I posted a query on a Facebook page frequented by Pro-Palestinians, where they express concerns about the situation in Palestine. My question was: “How was your New Year’s atmosphere, and did it differ from previous years?“
Many responded, sharing their perspectives.
It emerged that nearly all group members experienced a distinct New Year’s celebration. The common sentiment was a lack of celebratory spirit due to ongoing tragedies. Many spent the time reflecting and praying for Palestine’s affected and lost souls. This was a very special new year’s eve for a lot of people. A time where families might have been divided, as to someone saying that how can one celebration make a difference and better the situation in Palestine? But the thing is that it’s not about making any situation better or worse. It’s about how you as a human being feel about other’s in misery. Would you be firing rockets if your own father or child had been killed by one? Would there really be a reason for you to send “Happy new year” messages to people on your list?
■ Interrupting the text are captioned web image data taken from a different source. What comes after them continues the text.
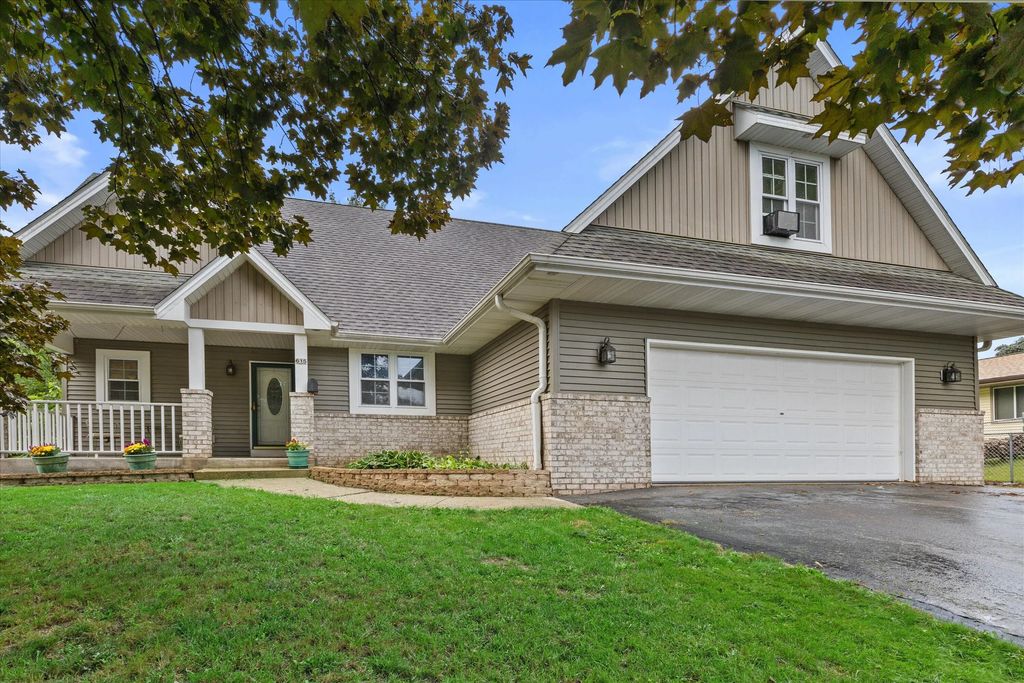 615 Braewood Dr, Waterford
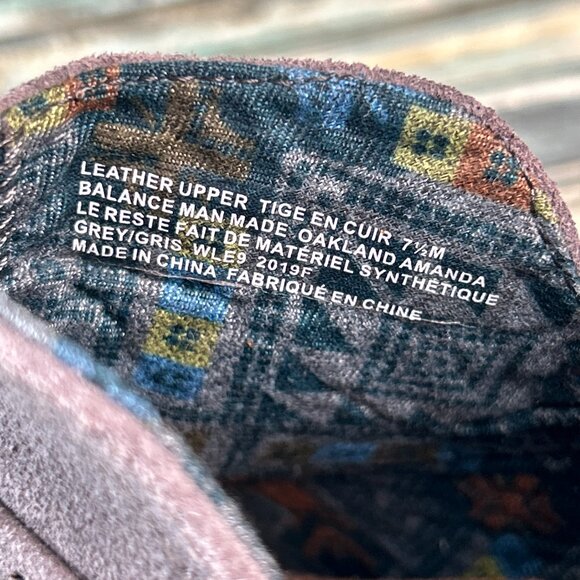 Earth Origins Ankle Bootie Size 7.5M Gray Suede Zip Low Block Heel Comfort Boot - Picture 12 of 12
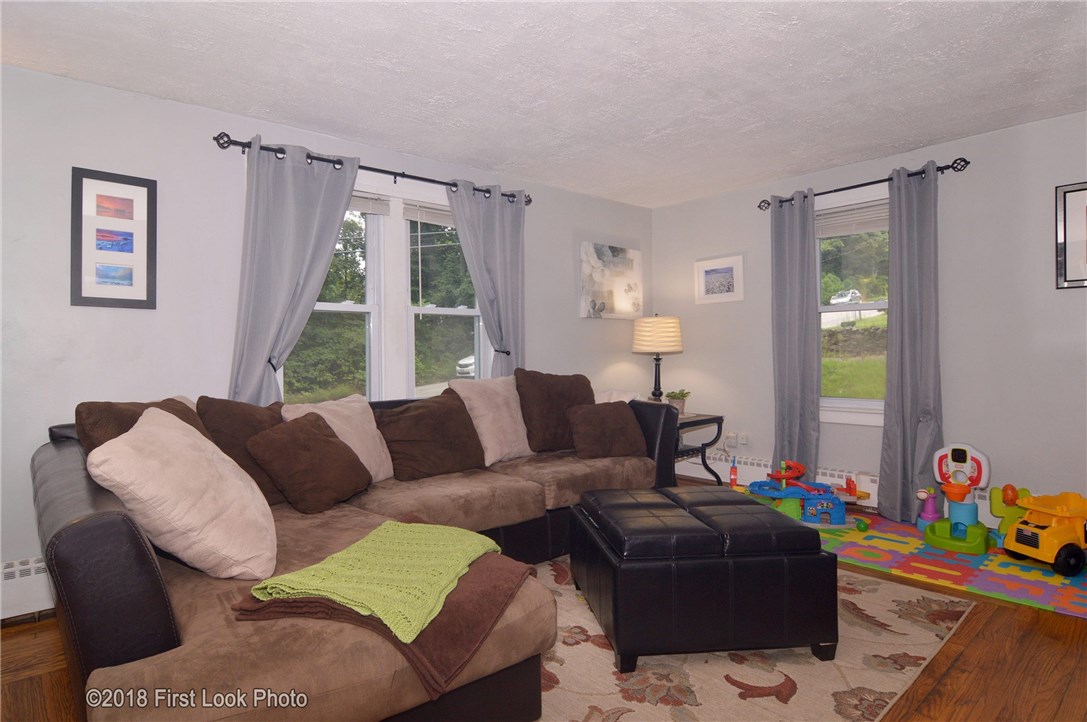 11 Whipple Road Smithfield, RI 02917 - Photo 16 of 31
Several respondents noted the fireworks’ resemblance to the bombings in Gaza, dampening their desire to participate in celebrations. One person recounted how the loud fireworks prompted her eldest to close the windows, reminding her of the children in Gaza who cannot escape such sounds in their homes.
It’s apparent that those with deep empathy for others processed the Gaza events in various ways this New Year. While some allowed their children the joy they deserve, unaware of the world’s harsh realities, their own thoughts were with Gaza.
In summary, the vivid scenes from Gaza and Palestine deeply affect empathetic individuals, making it difficult to partake in festivities while others suffer.
Imagine being a parent who has to carry their children in ways they never imagined, rather than in their loving arms. This thought alone explains why many of us found it hard to enjoy the day.